* **EXERCISE AIM**
Find each line below that includes "Dress", then copy it.

Stored data entries:

--

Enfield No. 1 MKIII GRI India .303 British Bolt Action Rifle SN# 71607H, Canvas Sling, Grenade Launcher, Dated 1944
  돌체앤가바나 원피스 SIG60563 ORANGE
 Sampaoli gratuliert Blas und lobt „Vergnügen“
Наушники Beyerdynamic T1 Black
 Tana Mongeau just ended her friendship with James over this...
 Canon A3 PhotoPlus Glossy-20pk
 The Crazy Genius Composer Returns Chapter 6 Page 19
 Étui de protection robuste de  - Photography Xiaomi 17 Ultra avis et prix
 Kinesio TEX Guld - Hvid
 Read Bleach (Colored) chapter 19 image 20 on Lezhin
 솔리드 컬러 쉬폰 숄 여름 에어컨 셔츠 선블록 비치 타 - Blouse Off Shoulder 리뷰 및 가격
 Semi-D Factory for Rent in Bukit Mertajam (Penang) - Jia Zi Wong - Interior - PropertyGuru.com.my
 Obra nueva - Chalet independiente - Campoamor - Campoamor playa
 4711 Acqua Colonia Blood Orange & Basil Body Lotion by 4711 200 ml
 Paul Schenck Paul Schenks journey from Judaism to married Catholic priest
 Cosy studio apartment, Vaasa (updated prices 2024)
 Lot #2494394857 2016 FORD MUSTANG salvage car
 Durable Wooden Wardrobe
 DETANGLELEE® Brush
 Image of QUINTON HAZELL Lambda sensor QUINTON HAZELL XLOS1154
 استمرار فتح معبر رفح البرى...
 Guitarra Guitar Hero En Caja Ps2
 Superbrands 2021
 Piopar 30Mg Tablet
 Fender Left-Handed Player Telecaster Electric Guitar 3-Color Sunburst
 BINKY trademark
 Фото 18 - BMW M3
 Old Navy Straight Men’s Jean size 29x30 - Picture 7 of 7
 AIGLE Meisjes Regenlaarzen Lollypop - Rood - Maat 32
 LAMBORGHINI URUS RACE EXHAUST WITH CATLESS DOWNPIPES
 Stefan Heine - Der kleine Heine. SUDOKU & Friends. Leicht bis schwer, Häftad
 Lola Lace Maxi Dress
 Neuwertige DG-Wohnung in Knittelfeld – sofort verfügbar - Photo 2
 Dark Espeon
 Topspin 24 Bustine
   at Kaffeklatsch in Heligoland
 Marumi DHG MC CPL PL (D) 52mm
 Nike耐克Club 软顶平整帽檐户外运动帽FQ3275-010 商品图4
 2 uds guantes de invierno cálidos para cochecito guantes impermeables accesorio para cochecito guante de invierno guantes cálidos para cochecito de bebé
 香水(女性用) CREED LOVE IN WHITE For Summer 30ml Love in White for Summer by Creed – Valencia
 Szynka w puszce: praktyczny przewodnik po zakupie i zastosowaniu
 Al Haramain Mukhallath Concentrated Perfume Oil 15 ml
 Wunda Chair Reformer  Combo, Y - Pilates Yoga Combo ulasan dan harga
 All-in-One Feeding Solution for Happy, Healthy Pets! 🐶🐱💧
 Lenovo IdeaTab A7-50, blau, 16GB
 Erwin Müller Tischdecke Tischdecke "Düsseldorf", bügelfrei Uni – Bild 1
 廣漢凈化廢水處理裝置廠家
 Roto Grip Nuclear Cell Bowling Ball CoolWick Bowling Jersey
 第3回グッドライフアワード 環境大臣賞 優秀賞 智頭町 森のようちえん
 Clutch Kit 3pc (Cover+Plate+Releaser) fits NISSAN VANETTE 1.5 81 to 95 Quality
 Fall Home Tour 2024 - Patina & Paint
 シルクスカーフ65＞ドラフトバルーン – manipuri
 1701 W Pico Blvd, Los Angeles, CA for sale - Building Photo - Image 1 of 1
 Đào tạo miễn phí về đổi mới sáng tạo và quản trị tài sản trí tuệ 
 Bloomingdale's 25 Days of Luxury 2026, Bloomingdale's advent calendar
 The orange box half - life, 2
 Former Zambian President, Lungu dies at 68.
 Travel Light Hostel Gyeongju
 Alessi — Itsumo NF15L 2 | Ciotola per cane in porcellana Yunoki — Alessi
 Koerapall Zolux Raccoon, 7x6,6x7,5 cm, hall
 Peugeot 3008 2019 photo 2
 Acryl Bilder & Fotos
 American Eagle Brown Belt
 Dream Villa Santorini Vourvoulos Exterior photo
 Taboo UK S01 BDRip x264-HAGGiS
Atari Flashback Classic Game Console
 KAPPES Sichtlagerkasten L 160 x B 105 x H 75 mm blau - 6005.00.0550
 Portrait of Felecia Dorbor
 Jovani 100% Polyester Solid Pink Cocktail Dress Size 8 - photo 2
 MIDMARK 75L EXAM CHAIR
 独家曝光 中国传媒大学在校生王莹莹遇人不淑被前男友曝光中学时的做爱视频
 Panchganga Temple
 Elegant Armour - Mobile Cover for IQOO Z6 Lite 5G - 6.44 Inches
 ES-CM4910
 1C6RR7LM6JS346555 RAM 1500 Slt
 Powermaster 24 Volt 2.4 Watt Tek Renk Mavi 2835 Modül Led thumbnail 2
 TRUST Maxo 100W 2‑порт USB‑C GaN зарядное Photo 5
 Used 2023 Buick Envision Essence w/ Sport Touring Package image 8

--

* **SOLVED PROBLEM**
 Lola Lace Maxi Dress
 Jovani 100% Polyester Solid Pink Cocktail Dress Size 8 - photo 2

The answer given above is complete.